David Robinson at Diane Farris
By Matthew Kangas | Art in America, October, 1996
Drawing on his experience as a laborer on large-scale high rise construction projects in booming downtown Vancouver, 32-year-old David Robinson has cleverly adapted the daily danger of such work into his sculptures: assemblages of minutely welded metal grids on which realistically sculpted male figures are precariously perched. In a number of cases, including Perfect Imbalance (1991), By Any Means (1993) and Sliding Scale (1996), the works are suspended from the ceiling, further underscoring an air of delicate balance.
But practical dangers are not Robinson's sole subject. Caught in midair and relatively diminutive, his figures, which vary from 1 to 3 feet in height, focus the viewer's attention on the existential plight of the individual in a complex society. In By Any Means, a white figure embraces his own shoulders as he gazes downward. He seems to be caught on a landing between stairways ascending and descending to nowhere in particular. Sliding Scale is a less elaborate work. Here, Robinson has simply crossed two miniature I-beams and positioned a small figure on one of them. It is clear that a step in either direction would destroy the balance and send the figure falling.
The 1996 sculpture titled Sisyphus (Study on Inclination), which is apparently a study for a larger work, presents a tiny crawling figure inside a large upright open circle. This circle is set in grooves cut into a supporting structure that curves up on two sides. Lacking the impassive dignity of the other works in the show, this depiction of futility unfortunately comes across as anecdotal and cartoonish.

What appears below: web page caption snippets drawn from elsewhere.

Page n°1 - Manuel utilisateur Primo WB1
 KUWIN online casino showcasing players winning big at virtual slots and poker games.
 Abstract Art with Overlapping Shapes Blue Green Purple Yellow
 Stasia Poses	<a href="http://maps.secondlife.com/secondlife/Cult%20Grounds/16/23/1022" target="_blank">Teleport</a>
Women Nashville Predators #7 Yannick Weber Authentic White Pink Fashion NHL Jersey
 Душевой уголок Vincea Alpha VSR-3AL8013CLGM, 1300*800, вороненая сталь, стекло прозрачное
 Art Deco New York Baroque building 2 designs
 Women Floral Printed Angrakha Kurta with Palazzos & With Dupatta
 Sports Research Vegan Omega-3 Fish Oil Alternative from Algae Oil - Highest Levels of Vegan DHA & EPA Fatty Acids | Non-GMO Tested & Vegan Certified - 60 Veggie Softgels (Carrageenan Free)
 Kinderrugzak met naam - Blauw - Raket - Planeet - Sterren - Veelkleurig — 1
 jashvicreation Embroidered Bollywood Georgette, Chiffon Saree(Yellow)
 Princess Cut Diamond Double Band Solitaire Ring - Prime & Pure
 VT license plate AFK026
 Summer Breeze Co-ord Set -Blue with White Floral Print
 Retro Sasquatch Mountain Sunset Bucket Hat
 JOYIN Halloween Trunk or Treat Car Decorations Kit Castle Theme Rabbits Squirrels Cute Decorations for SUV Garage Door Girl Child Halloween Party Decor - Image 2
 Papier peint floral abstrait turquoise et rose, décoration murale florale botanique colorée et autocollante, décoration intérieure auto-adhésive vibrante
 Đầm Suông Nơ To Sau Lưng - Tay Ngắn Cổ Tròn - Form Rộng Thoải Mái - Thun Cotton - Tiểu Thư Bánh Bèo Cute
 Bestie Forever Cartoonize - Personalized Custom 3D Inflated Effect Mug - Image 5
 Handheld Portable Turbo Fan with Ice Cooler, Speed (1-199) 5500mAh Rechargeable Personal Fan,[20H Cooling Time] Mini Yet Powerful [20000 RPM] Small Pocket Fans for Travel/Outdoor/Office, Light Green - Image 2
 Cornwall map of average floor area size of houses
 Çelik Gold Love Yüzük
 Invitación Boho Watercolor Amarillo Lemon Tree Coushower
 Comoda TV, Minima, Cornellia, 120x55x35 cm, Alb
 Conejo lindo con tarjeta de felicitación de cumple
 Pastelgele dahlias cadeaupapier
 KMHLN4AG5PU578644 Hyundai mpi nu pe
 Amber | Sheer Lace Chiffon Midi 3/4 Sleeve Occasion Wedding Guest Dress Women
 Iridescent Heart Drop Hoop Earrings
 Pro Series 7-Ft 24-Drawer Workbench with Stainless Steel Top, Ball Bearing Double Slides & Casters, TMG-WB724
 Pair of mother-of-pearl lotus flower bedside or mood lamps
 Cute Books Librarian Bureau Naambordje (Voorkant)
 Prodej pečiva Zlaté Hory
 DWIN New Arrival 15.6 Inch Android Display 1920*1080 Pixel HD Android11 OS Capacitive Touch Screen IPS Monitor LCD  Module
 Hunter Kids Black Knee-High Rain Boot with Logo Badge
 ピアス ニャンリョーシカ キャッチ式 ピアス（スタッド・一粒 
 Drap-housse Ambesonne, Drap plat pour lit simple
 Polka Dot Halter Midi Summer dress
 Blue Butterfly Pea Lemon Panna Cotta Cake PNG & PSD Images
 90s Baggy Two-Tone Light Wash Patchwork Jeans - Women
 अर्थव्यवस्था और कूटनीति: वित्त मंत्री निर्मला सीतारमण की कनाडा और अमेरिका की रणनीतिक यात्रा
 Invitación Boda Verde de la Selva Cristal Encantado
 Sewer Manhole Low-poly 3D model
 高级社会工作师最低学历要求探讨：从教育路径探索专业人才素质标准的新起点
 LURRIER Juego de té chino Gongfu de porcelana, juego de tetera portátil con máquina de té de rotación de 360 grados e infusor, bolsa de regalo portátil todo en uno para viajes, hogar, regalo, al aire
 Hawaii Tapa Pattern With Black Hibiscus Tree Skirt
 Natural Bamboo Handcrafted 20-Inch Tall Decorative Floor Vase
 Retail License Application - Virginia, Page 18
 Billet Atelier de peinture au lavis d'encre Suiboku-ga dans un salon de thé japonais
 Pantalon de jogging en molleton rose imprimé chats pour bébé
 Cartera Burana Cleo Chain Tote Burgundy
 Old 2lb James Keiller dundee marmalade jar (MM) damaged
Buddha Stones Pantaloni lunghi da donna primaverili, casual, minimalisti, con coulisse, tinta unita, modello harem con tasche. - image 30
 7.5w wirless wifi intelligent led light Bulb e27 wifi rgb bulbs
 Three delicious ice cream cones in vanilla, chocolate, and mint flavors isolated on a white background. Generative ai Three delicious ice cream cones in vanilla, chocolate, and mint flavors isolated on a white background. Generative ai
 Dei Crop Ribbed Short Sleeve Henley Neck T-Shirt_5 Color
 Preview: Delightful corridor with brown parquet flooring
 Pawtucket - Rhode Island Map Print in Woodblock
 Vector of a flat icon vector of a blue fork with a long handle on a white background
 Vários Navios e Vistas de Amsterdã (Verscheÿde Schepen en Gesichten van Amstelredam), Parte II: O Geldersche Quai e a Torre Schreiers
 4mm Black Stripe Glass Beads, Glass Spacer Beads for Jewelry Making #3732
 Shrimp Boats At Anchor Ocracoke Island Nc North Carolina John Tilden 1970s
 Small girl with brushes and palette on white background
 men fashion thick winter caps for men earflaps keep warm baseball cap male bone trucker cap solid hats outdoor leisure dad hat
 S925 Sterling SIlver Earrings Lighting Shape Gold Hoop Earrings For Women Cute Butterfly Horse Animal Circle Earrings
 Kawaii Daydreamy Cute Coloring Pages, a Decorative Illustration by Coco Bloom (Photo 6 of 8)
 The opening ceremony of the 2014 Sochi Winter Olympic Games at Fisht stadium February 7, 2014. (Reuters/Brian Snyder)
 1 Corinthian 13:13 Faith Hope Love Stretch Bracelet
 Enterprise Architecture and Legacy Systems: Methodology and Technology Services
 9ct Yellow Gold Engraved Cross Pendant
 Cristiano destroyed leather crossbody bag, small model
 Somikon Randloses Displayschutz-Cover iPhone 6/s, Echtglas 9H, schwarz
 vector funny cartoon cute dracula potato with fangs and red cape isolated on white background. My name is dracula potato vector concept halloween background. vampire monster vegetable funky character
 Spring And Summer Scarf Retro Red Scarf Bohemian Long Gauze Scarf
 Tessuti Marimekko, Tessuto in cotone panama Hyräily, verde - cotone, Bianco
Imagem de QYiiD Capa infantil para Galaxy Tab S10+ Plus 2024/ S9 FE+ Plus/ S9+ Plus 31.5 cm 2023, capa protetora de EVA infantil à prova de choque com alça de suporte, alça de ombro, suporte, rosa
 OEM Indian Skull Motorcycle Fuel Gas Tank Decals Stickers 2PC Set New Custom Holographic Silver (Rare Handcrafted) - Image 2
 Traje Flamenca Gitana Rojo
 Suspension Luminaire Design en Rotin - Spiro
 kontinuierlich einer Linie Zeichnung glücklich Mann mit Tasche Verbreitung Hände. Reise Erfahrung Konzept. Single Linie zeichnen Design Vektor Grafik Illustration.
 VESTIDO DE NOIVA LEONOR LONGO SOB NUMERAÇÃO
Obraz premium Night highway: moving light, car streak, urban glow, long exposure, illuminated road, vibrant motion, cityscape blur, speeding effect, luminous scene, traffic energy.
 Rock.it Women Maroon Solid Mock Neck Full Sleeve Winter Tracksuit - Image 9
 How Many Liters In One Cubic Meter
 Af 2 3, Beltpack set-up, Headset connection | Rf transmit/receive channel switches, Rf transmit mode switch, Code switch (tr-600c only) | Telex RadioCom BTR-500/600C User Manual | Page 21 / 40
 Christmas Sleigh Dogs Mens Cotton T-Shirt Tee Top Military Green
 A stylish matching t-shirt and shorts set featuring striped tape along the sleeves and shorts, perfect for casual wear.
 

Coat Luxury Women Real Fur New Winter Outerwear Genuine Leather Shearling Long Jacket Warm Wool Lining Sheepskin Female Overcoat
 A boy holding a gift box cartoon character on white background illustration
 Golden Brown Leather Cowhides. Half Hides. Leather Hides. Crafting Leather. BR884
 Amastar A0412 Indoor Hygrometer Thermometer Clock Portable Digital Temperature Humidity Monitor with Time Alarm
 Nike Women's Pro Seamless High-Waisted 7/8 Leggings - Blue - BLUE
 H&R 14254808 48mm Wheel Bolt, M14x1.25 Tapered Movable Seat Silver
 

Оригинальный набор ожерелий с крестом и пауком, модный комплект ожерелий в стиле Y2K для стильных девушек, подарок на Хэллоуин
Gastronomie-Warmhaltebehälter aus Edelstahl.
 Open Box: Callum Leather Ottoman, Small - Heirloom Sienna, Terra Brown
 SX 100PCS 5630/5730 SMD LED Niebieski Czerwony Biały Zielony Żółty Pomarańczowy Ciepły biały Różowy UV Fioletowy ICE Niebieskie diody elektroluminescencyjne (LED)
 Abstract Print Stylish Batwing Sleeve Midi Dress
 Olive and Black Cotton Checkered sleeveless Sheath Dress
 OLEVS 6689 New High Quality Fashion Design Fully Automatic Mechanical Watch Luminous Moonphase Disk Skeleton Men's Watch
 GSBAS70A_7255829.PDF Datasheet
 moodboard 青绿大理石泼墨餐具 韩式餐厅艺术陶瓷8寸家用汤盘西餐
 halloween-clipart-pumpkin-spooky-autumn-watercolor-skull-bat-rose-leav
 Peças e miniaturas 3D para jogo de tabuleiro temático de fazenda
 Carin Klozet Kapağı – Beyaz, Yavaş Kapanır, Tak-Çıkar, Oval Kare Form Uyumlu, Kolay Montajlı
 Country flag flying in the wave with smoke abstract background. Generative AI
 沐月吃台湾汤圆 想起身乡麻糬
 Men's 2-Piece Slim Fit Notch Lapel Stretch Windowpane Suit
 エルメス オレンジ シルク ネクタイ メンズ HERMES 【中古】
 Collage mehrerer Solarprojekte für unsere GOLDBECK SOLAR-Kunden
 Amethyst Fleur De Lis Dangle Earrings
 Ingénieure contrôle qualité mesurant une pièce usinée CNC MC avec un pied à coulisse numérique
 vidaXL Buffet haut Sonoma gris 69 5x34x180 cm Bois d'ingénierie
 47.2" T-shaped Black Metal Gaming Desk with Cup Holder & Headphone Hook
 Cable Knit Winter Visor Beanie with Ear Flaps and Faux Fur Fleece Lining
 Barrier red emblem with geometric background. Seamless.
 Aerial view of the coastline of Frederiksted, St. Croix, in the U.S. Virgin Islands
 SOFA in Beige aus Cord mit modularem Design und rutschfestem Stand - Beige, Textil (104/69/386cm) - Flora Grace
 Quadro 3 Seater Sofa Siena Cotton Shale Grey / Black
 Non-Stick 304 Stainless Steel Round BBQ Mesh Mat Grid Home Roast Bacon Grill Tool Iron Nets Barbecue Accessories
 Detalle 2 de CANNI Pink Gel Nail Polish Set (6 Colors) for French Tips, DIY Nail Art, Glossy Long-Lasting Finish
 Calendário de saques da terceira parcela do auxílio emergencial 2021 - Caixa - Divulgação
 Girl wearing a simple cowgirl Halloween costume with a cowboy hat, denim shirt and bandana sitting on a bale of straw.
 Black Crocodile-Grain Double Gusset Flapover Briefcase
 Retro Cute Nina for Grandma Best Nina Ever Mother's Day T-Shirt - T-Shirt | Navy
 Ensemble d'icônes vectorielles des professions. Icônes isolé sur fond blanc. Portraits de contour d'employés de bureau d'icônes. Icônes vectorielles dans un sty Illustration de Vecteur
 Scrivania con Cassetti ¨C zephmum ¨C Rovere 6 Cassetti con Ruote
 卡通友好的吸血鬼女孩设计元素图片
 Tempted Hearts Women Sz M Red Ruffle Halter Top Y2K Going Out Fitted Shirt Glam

In Artifice & Edifice (1993-96), the humanity/technology dialectic is compressed as the figure is absorbed into a machinelike system. A long horizontal crane structure almost 12 feet long is attached around the waist of the polyester-gypsum effigy standing in as a petty Colossus. This figure is also pinioned at the neck and shoulders by wires that help support the crane. Static and impassive like all Robinson's sculptures, Artifice & Edifice seems to depict a man inextricably entangled in some massive undertaking. One wonders what conclusions to draw from the fact that Robinson's figures always seems to be quietly accepting of their fate.